La recherche des épices orientales donna lieu aux deux plus grands évènemens qui aient marqué l’histoire des progrès matériels de l’humanité, la découverte de l’Amérique et celle d’une route maritime aux Indes par le cap de Bonne-Espérance. Le succès de l’expédition de Vasco de Gama eut pour résultat de changer immédiatement le système commercial du monde entier, système assujetti depuis trois mille ans à la même direction, et de faire passer la civilisation, les richesses et la prépondérance politique à d’autres nations que celles qui en avaient eu jusqu’alors le privilége. Quatorze ans après leur départ de Lisbonne, en 1497, les Portugais recueillaient leur premier chargement d’épices sur les lieux même où la nature les produit.

Le prosélytisme religieux et cet esprit chevaleresque qui les poussait aux plus aventureuses entreprises, furent les principaux mobiles qui les dirigèrent dans la conquête de l’Orient. Les bénéfices du négoce ne venaient pour eux qu’en seconde ligne ; néanmoins l’esprit de liberté qui présida à leur système de colonisation donna à leurs établissemens commerciaux un degré de prospérité inouie. La ville de Malaca, dont Alphonse d’Albuquerque s’était emparé en 1511 après un combat sanglant, devint le siége de leur puissance et le théâtre de la lutte qu’ils soutinrent contre les souverains d’Atcheh, dont la capitale, située à la pointe nord-ouest de Sumatra, s’élève de l’autre côté du détroit comme la rivale de Malaca. En nous retraçant les détails de cette lutte, les écrivains portugais énumérèrent les ressources maritimes et militaires qu’y déployèrent ces princes indigènes, et qui attestent l’immensité de leurs richesses. Des quatre flottes qu’ils envoyèrent contre Malaca, la troisième comptait plus de cinq cents embarcations, dont cent étaient des galères plus grandes qu’aucune de celles construites jusqu’alors en Europe et portant chacune de six à huit cents hommes et un train considérable d’artillerie. Et ce qui montre que les historiens portugais n’ont en rien exagéré l’opulence des rois d’Atcheh, c’est le témoignage de l’écrivain arabe Ebn-Batouta sur l’importance et l’étendue du commerce dont leur port était le centre, et l’empressement avec lequel les souverains de l’Europe sollicitèrent plus tard leur alliance. Élisabeth, reine d’Angleterre, écrivait au roi d’Atcheh, son très cher frère, une lettre conservé encore dans les archives de Londres, avec la réponse du roi d’Atcheh à son très cher frère Jacques Ier, qui lui avait envoyé une ambassade.

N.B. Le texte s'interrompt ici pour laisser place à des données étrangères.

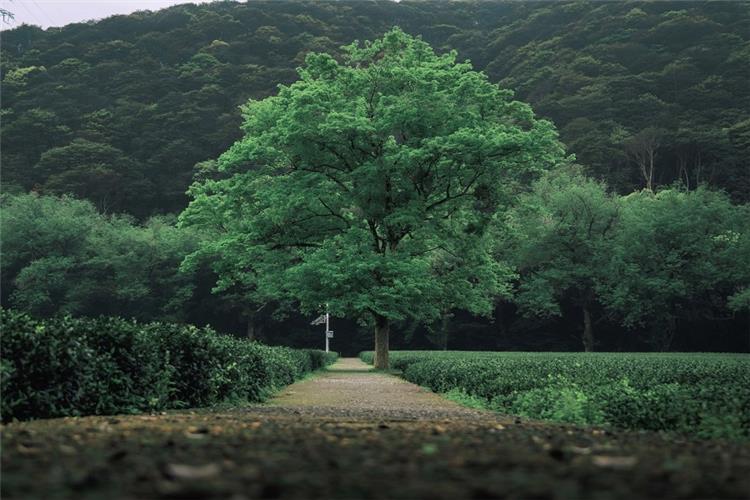 Longjing Tea Terraces Amid Green Mountains Neat rows of Longjing tea plantations with a tall leafy tree along the path, layered green mountain backdrop in Hangzhou tea village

Le succès des Portugais enflamma l’ardeur des Espagnols à s’ouvrir eux aussi, l’accès des pays aux épices ; mais c’est par une autre route qu’ils y parvinrent. Magellan, après avoir franchi le détroit qui porte son nom, s’avança dans le grand Océan, et, se dirigeant vers le nord, découvrit, en 1521, les Philippines, où cet illustre navigateur trouva la mort. Ce ne fut que quarante-cinq années plus tard que les Espagnols songèrent à faire la conquête de ce riche et vaste archipel, qui ne leur fut cependant assuré que lorsque, en 1571, ils se furent emparés de Luçon, la plus grande des îles qui le composent, et qu’ils y eurent fondé Manille.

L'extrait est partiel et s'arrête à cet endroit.